El retorno

Actualizado
  • 01/09/2018 02:00
Creado
  • 01/09/2018 02:00
El sendero, sin señales ni rumbo, está definido por otros antiguos pasos

Caminaban tan lentas y tristes como si marcharan hacia Luvina. —Ni una nubecita, y nada de agua, igual que antes —dijo Justina, pasando por su frente sudorosa el trapo que llevaba en la mano izquierda.

—Todavía nos falta bastante y no veo a nadie. Esto está lo mismo —fue la única respuesta que vino de Nadina, y se detuvieron un instante a recobrar la respiración.
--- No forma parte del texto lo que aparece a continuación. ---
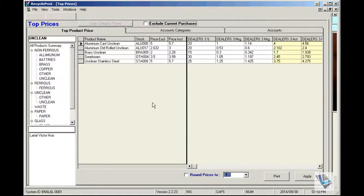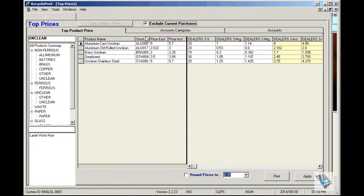If you want to update the prices whilst other employers are busy with purchases, you can always select Exclude current purchases. This will allow you to enter the prices and do all the changes you need, apply the changes, and once the current purchases have been completed and they start with new purchases, the new prices will be activated.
‘El polvo, sin la barrera de los árboles, se levantaba en el viento constantemente y lo cubría todo, azotaba el semblante, se metía por las fosas nasales, en los ojos, escocía las gargantas y se adentraba hasta en el pensamiento...'

Iban vestidas pobremente y de sus huesudos hombros colgaban sacos a manera de valija. Se cubrían las cabezas con pañuelos amarrados atrás para protegerse del sol y evitar que el viento caliente y constante enredara más sus cabellos que parecieran escaparse en opacos mechones canosos. Sobre el pañuelo, sombreros que en ocasiones usaban para abanicarse y disminuir la sensación de ahogo provocada por el inclemente calor. Calzaban zapatos gastados que ahora tenían el color de la roja arcilla que pisaban.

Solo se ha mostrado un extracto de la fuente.